Bakteri asam laktat disebut sebagai probiotik, probiotik adalah
mikroorganisme hidup yang mana ketika dikonsumsi dalam jumlah yang cukup
memberi manfaat kesehatan terhadap inangnya (FAO/WHO,2001 dalam Velez et
al., 2007).
Kemampuan Bakteri Asam Laktat menghasilkan senyawa antimikroba yang
dapat menghambat pertumbuhan mikroba lainnya menjadikannya sebagai agen
pengendali hayati secara biologi yang aman dan ramah lingkungan.
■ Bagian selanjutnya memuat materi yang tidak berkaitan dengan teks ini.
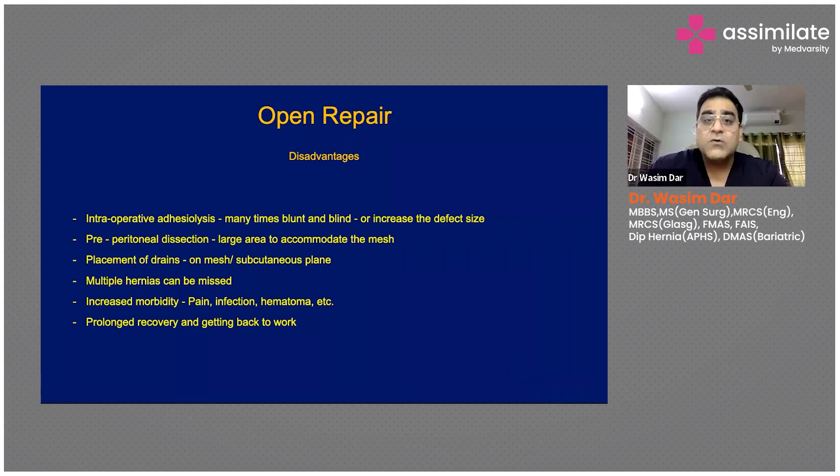One important disadvantage of open repair: hernia contents may not only be within the hernia sac but also adherent around it, requiring adhesiolysis — releasing intestine and omental fat stuck to the anterior abdominal wall. During intraoperative adhesiolysis in open surgery, you may need to increase the size of the incision or perform blunt dissection, risking bleeding and bowel injury. Additionally, a large area is needed for the mesh, and drains must be left in place for three to four days.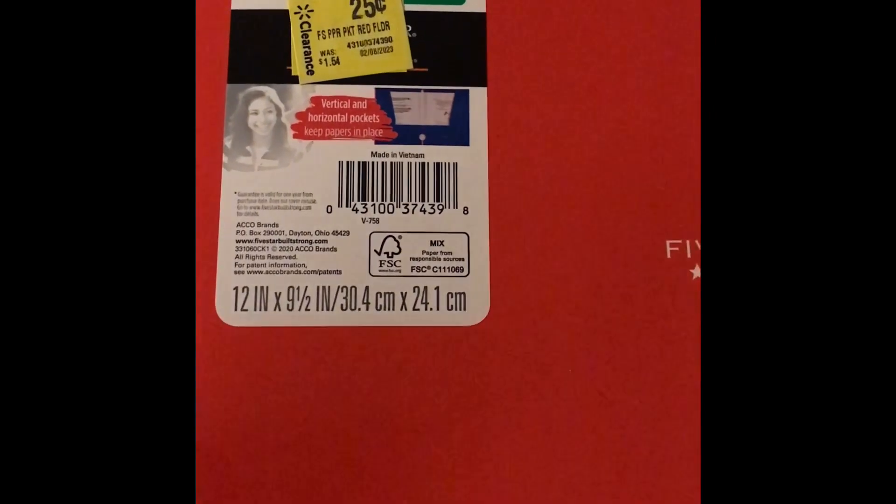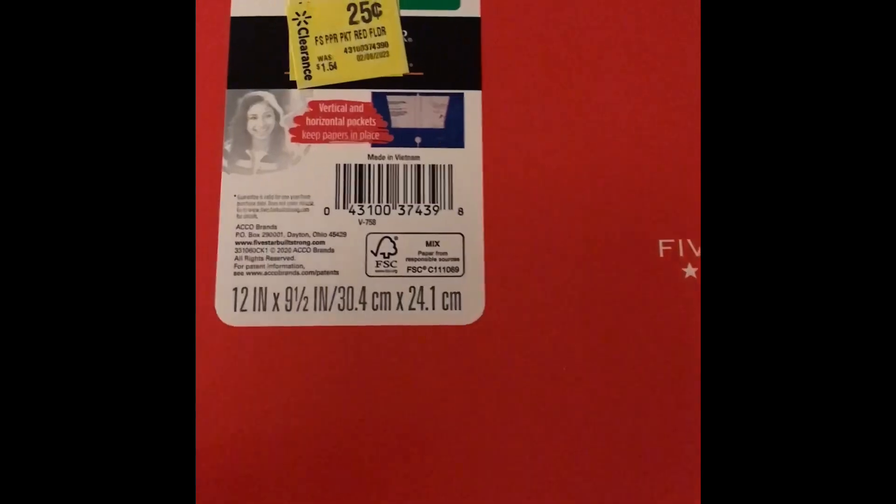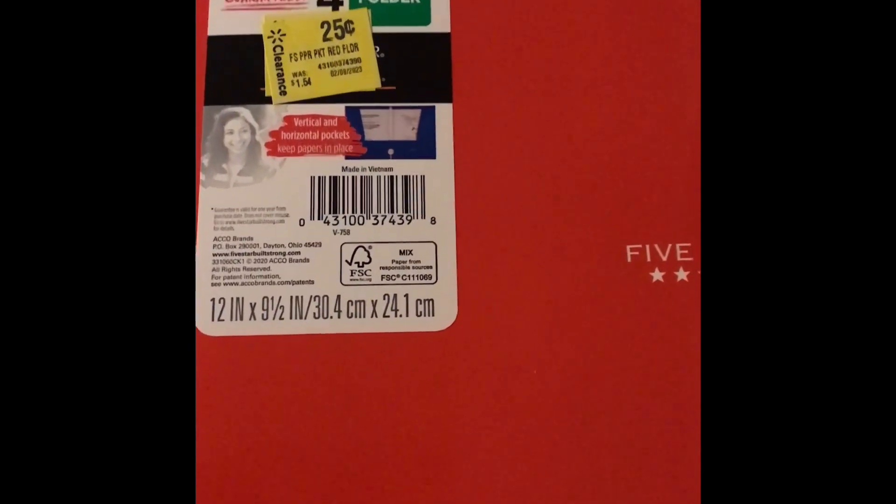Buy two for $0.50, and then you're going to submit to Ibotta, and they're going to give you a dollar back. So this is a $0.50 moneymaker.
Berdasarkan
penelitian sebelumnya dilakukan pengujian kemampuan BAL dalam menghambat
patogen
Streptococcus
agalactiae
diantaranya
Pediococcus
pentosaceus.
Selanjutnya beberapa spesies BAL yang memiliki aktivitas penghambatan yaitu
Weissella confuse dan spesies dari genus Lactobacillus yaitu L. acidophilus, L.
brevis, L. fermentum, dan L. lactis (Serna et al, 2012 dalam Mayasari, 2013).
Bakteri asam laktat memiliki aktivitas antimikroba karena memproduksi
asam organik yaitu asam laktat, asam format dan asam asetat, diasetil, H 2O2,
CO2serta bakteriosin. Senyawa-senyawa lain yang juga diproduksi oleh BAL dalam
jumlah yang lebih kecil dari pada asam laktat dan asetat ialah asam format, asam
lemak bebas, ammonia, etanol, H2O2, diasetil, asetoin, enzim bakteriolitik,
bakteriosin, antibiotik dan beberapa senyawa penghambat lain yang belum
ditetapkan atau belum teridentifikasi sama sekali. Akumulasi produk akhir berupa
asam akan menyebabkan penurunan pH yang akan menghasilkan penghambatan
yang luas terhadap mikroorganisme, termasuk bakteri Gram-positif dan bakteri
Gram-negatif. Diasetil dapat menghambat baik mikroba patogen maupun
pembusuk dan paling efektif terhadap bakteri Gram-negatif (Nopsagiarti, 2007).